= Cecilia Bobrovskaya =

Cecilia Samoylovna Bobrovskaya (Цецилия Самойловна Бобровская, née Zelikson [Зеликсон]; – 6 July 1960) was an early Bolshevik activist, revolutionary, and memoirist. She played a notable role in various local organizations of the Bolshevik Party – consequently facing repeated persecution by the authorities of the Russian Empire. Bobrovskaya is best known for her memoirs, Twenty Years in Underground Russia: Memoirs of a Rank-and-File Bolshevik (1934).

==Biography==
Bobrovskaya, née Cecilia Samoylovna Zelikson, was born into the family of Samuil Zelikson, an observant Jewish bookkeeper whom she described as preoccupied with his "Talmudic and philosophic researches," and his wife, a significantly younger Jewish woman, in Velizh, a provincial Russian town in the Vitebsk Guberniya (now Smolensk Oblast, Russia).

Bobrovskaya stepped into the Russian socialist current as a student in Warsaw in the 1890s. She entered into the Russian Social Democratic Labour Party (RSDLP) in 1898, and sided with its Bolshevik faction following the intra-party division into the Bolshevik and Menshevik camps in 1903. She met her husband, Vladimir Bobrovsky, during their mutual involvement in political work against the czarist regime.

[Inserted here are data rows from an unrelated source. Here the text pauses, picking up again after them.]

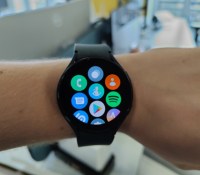 La Samsung Galaxy Watch 4 permet d'ouvrir la liste des applications par un glissement vers le haut // Source : Frandroid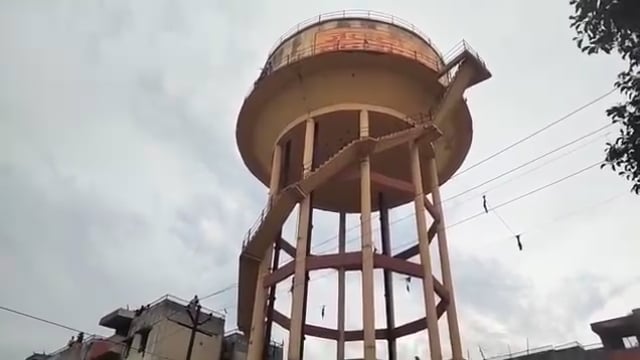 लोन दिलाने के नाम पर कथित ठगी, चार युवक पानी की टंकी पर चढ़ 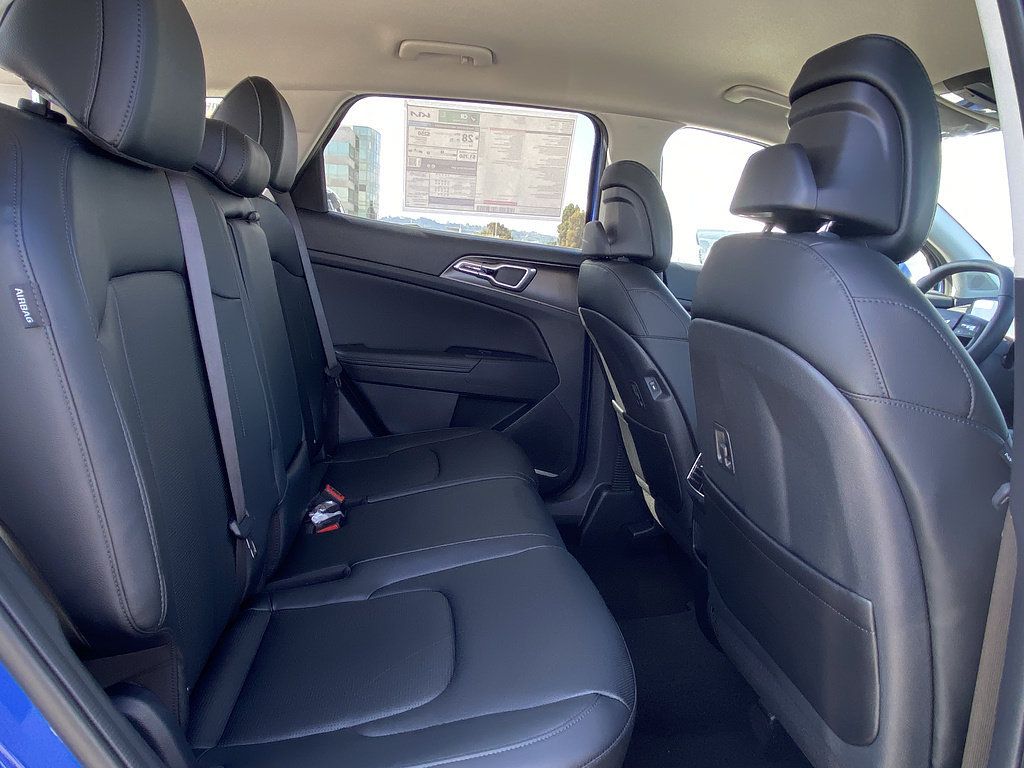 New 2026 Kia Sportage EX w/ EX Panorama Roof Package FWD image 23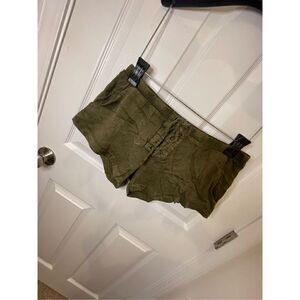 Chasor women’s shorts medium NWT army green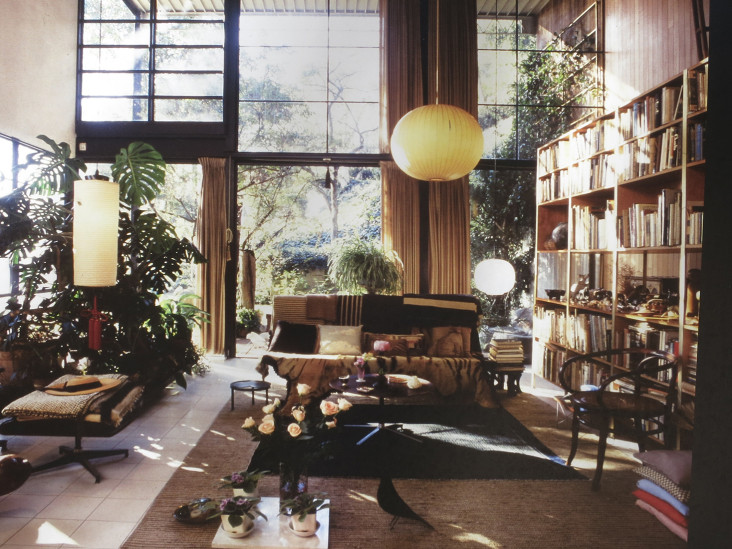 Первая модернистская вилла в Англии выставлена на продажу-16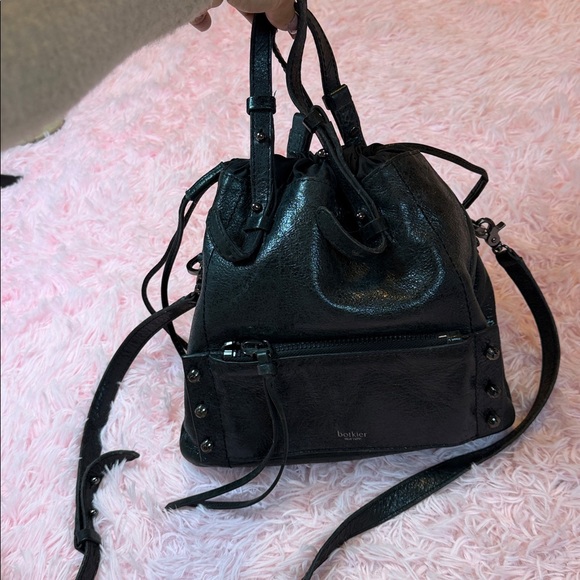 Botkier Handbags - Botkier New York black crossbody bag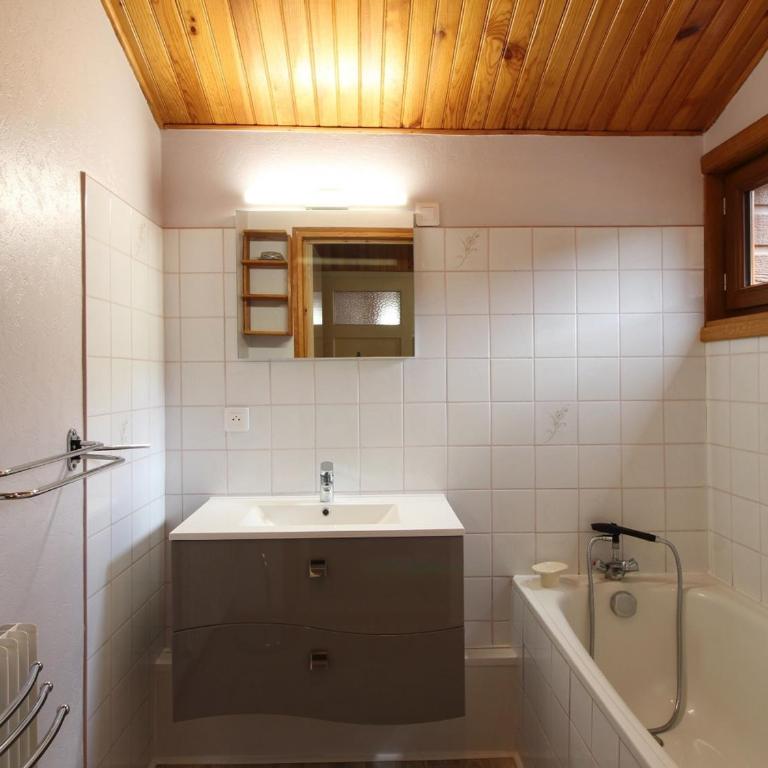 Chalet 6 pièces, 8 pers, proche centre, WIFI - FR-1-608-4 - Maison de Vacances (8 Adultes) - 6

Bobrovskaya was first arrested in Kharkov in 1900. After a period in Switzerland in 1902, she returned to Russia, choosing Tver as a center of activity following an arrest in St. Petersburg. She first met with Lenin, then based in the Swiss city of Geneva, in 1902, during her work as an agent of the Iskra, the party newspaper Lenin had founded in 1900, and, together with her husband Vladimir, followed the party's work to the Caucasus. In 1905, she was arrested by the police while on her way to the party's conference in Moscow. Arrested in Moscow again after an illegal party gathering outside the city in June 1908, Bobrovskaya spent two years in exile in Vologda, being spared, according to her later recollection of the episode, from the harsher sentence of four years of internal exile in eastern Siberia on account of her poor state of health.

Bobrovskaya was involved in the Serpukhov and Moscow party committees during 1917, and participated in the 1917 October Revolution. From March 1919 to May 1920, Bobrovskaya led the military affairs council of the Bolshevik Party's Moscow branch.

She worked for the Comintern between 1918 and 1940, and was a member of the Institute of Marxism-Leninism under the Central Committee of the Communist Party of the Soviet Union, the party's central theoretical and research institute, in later years. She died in Moscow in 1960.

Bobrovskaya wrote down a number of personal accounts of the revolution and remembrances of such figures as Lenin and Nadezhda Krupskaya, and others. Her best known work, the memoir Twenty Years in Underground Russia: Memoirs of a Rank-and-File Bolshevik, documenting in first person her role in the revolutionary movement from 1894 to 1914, was published in Moscow in 1934 and is cited as a primary source on the pre – World War I period by both Soviet and Western historians.